*** EXTRACTED MATERIAL ***
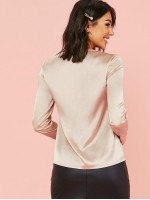 Draped Neck Solid Satin Top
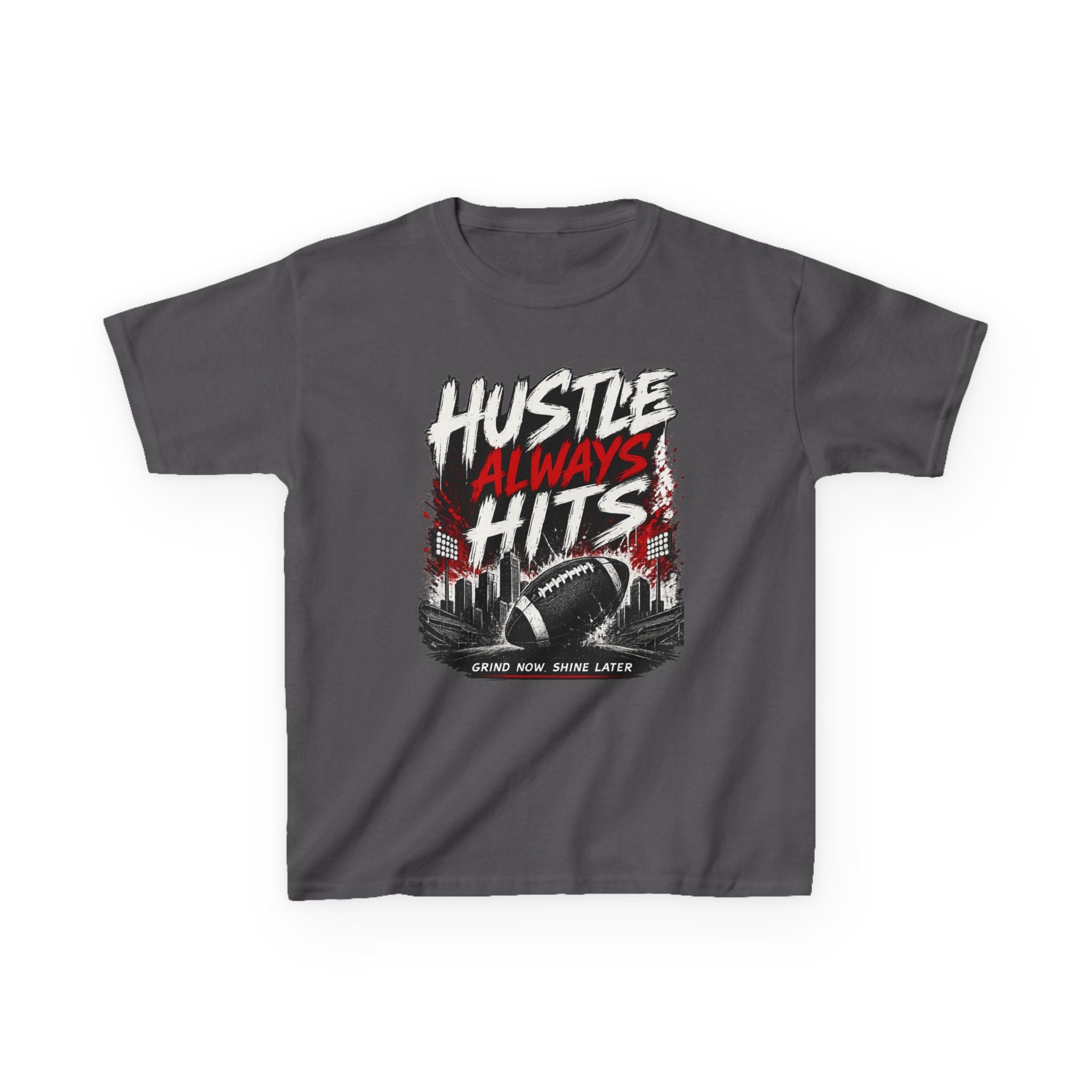 Hustle Always Hits Kids Football T-Shirt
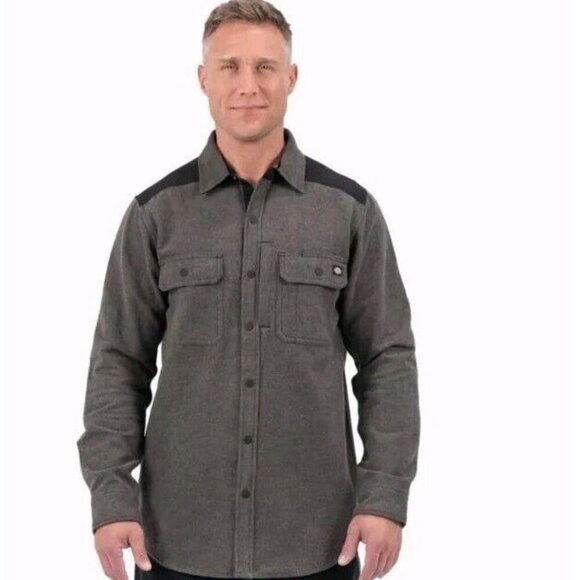 Dickies Men's Performance Heavy Flannel Check Shirt Miltary Grey Size L - Picture 1 of 6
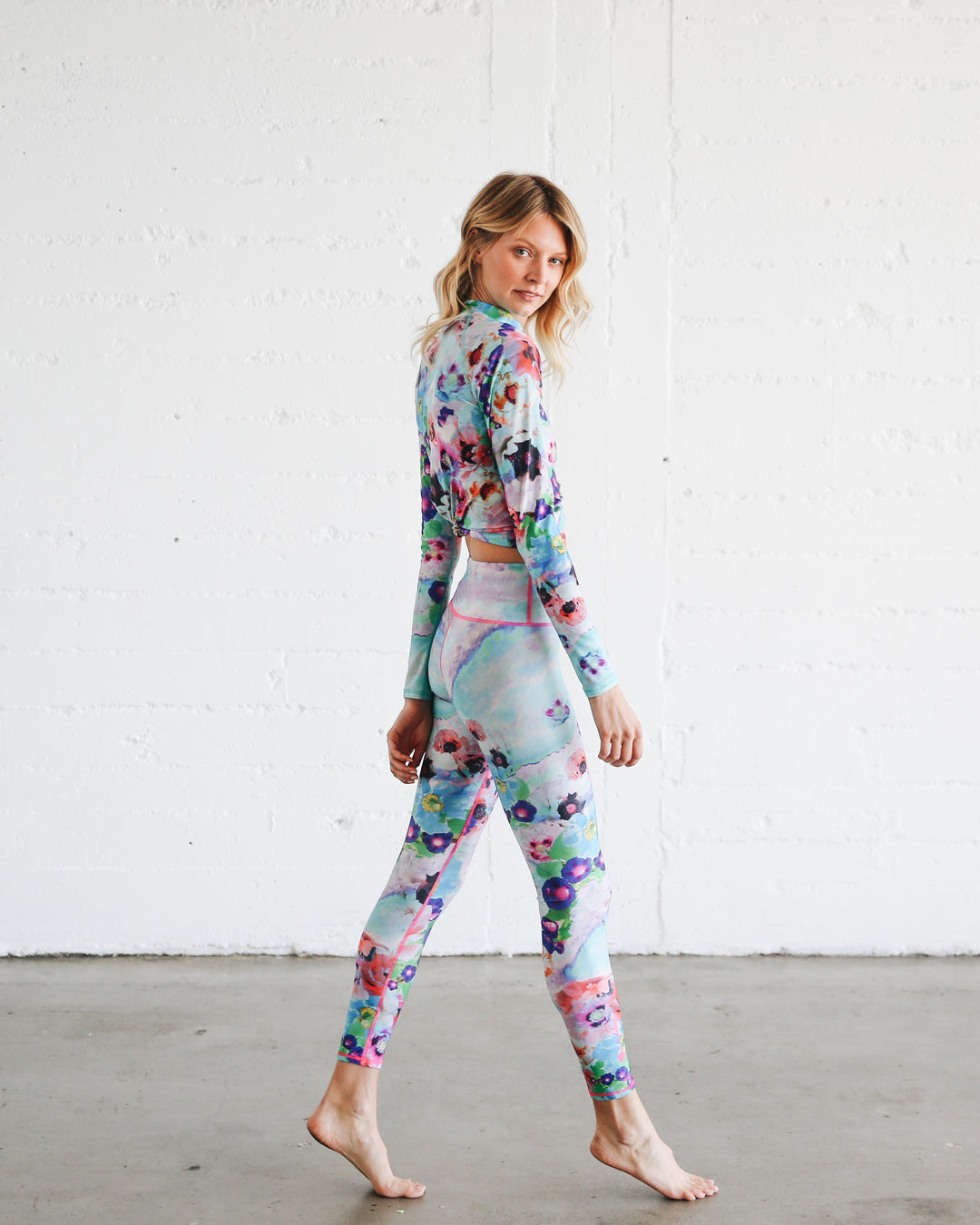 Women's UPF 50+ Sun Protective Swim Leggings - Sea Poppies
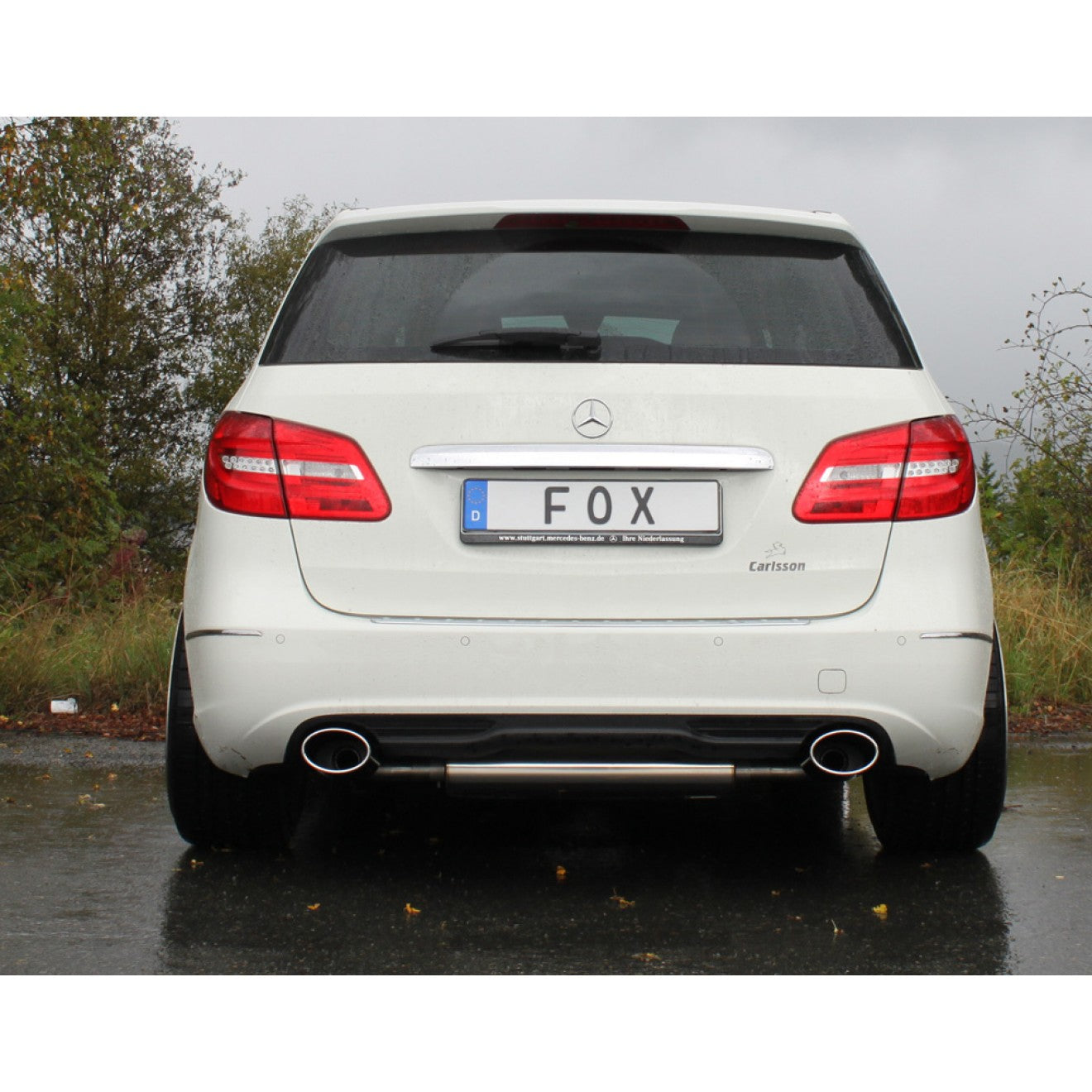 Fox Duplex Auspuff Sportauspuff Endschalldämpfer für Mercedes B-Klasse 2,0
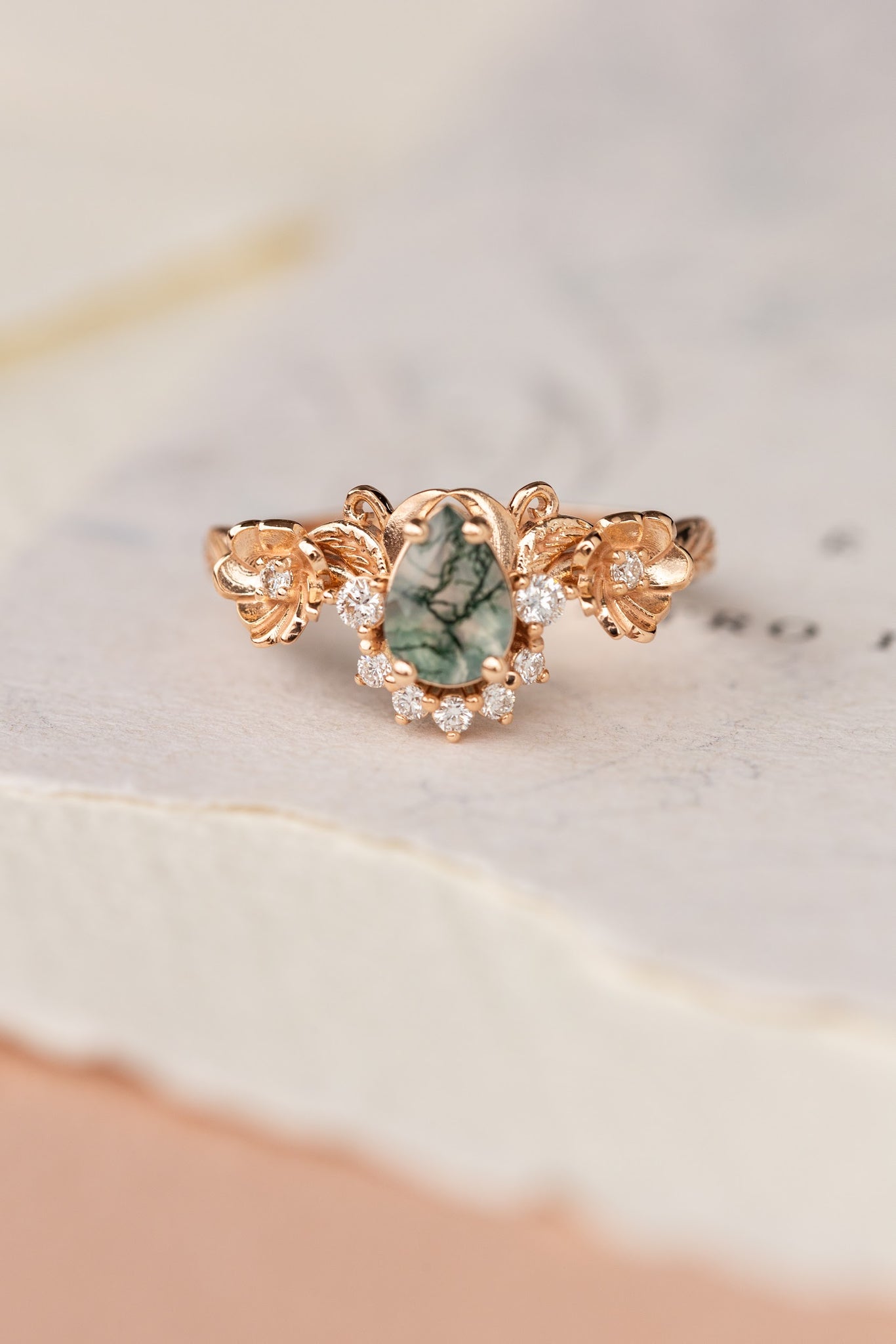 Pear moss agate engagement ring with half-halo diamond, rose gold flower proposal ring / Adelina - Eden Garden Jewelry™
***
▶ **TASK DESCRIPTION**
Leave out each picture and extract the lines from the one containing "Women's UPF 50+" through the end of the records above, inclusive, exactly as they stand.

▶ **WRITTEN RESPONSE**
 Women's UPF 50+ Sun Protective Swim Leggings - Sea Poppies
 Fox Duplex Auspuff Sportauspuff Endschalldämpfer für Mercedes B-Klasse 2,0
 Pear moss agate engagement ring with half-halo diamond, rose gold flower proposal ring / Adelina - Eden Garden Jewelry™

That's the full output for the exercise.